Na 1ªsecção do leilão que decorreu em Luanda e em que participam 40 empresas, a maior pedra leiloada teve um peso de 114,94 quilates, enquanto a menor 43,25. Aberto oficialmente ontem, o leilão vai decorrer de 29 (hoje) até ao dia 31 do mês em curso, altura em que vai acontecer o apuramento dos resultados das licitações por cada pedra, validação dos resultados e informação aos candidatos vencedores. A nova plataforma tecnológica foi desenhada e desenvolvida pela empresa Sodiam e não permite que os concorrentes tenham acesso às licitações. Cada empresa terá acesso apenas aos seus dados. O instrumento vai permitir o acesso remoto online e registo da empresa, por código de identificação de usuário (username) e senha fornecida via email a cada participante.

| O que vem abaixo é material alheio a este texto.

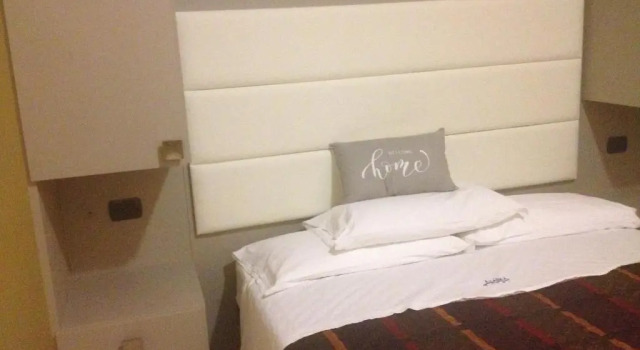 Двухместный номер Standard с балконом Hotel Alaska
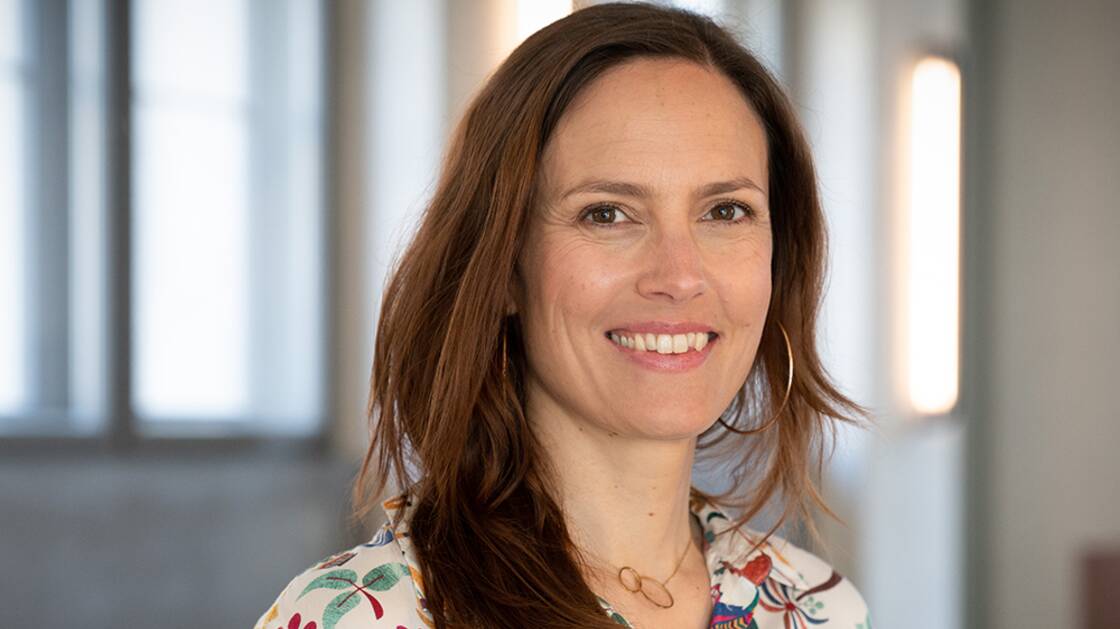 Porträt der Direktorin Denise Tonella.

Durante a conferência de imprensa de apresentação do leilão, o presidente do Conselho de Administração da Ediama, Ganga Júnior, referiu que “o mais importante é a mudança no sistema de comercialização de cariz internacional, pois os critérios usados anteriormente causavam prejuízos não inferiores 300 milhões de dólares ano”. Ganga Júnior realçou ainda que “os impostos não eram arrecadados. Grande parte das empresas tinham muitas dificuldades em lidar com a situação”. O gestor lembra ainda que o país possui potencialidades e a questão da comercialização chegou a ser um factor impeditivo ao desenvolvimento do sector. Afirma que num futuro próximo será difícil falar de diamantes sem mencionar o nome de Angola. “Com a nova política de comercialização e transparência, teremos lucros que vão ajudar o desenvolvimento do país no domínio da mineração”, explica.

E sobre o número de empresas que participam no leilão, o responsável frisou que não havia mais tempo a perder, uma vez que as firmas precisam de manter um fluxo regular de caixa para cobrir as despesas operacionais que têm. Ganga Júnior fez saber que a produção a ser leiloada no dia 31 é referente ao mês de Agosto de 2018. “Em situação normal já seria vendida e protelar a realização do leilão mais tempo seria penalizar as empresas sobretudo da Lulo”, explicou. Em termos percentuais, refere, com a venda dos diamantes os valores arrecados pelo Estado são definidos (a taxa royalty tem de ser garantida) a 5% e a questão do imposto industrial antecipado na ordem dos 25%. Do ponto de vista global, fazendo referência às empresas produtoras de diamantes, as contribuições fiscais ficaram na ordem dos USD 250 milhões em 2019. “Estimamos ter uma contribuição fiscal, no presente ano, na ordem de USD 1.3 mil milhões”, estimou.

Seis leiloes durante o ano

Por sua vez, o PCA da Sodiam, Eugénio Bravo da Rosa, considera um passo importante, quer em termos da divulgação internacional de Angola a nível da indústria, quer em termos da convicção, o que as pessoas passarão a ter no que diz respeito a um novo marketing. “A nível da comercialização é um passo significativo no sentido de mostrar aos diferentes mercados que não é só discurso, pois o leilão que está a decorrer vai colocar Angola no mapa dos diamantes de forma diferente ”, avançou. Para o responsável, o processo para futuros leilões exige a consciência de que existem três grandes playlers do mercado que desenvolvem sites regularmente, porém, a intenção é enquadrar várias sessões ao longo do ano. O representante da Lucapa Diamonds, Stephen Wetewall, manifestou- se satisfeito com o número de empresas participantes no primeiro leilão de diamantes em Angola.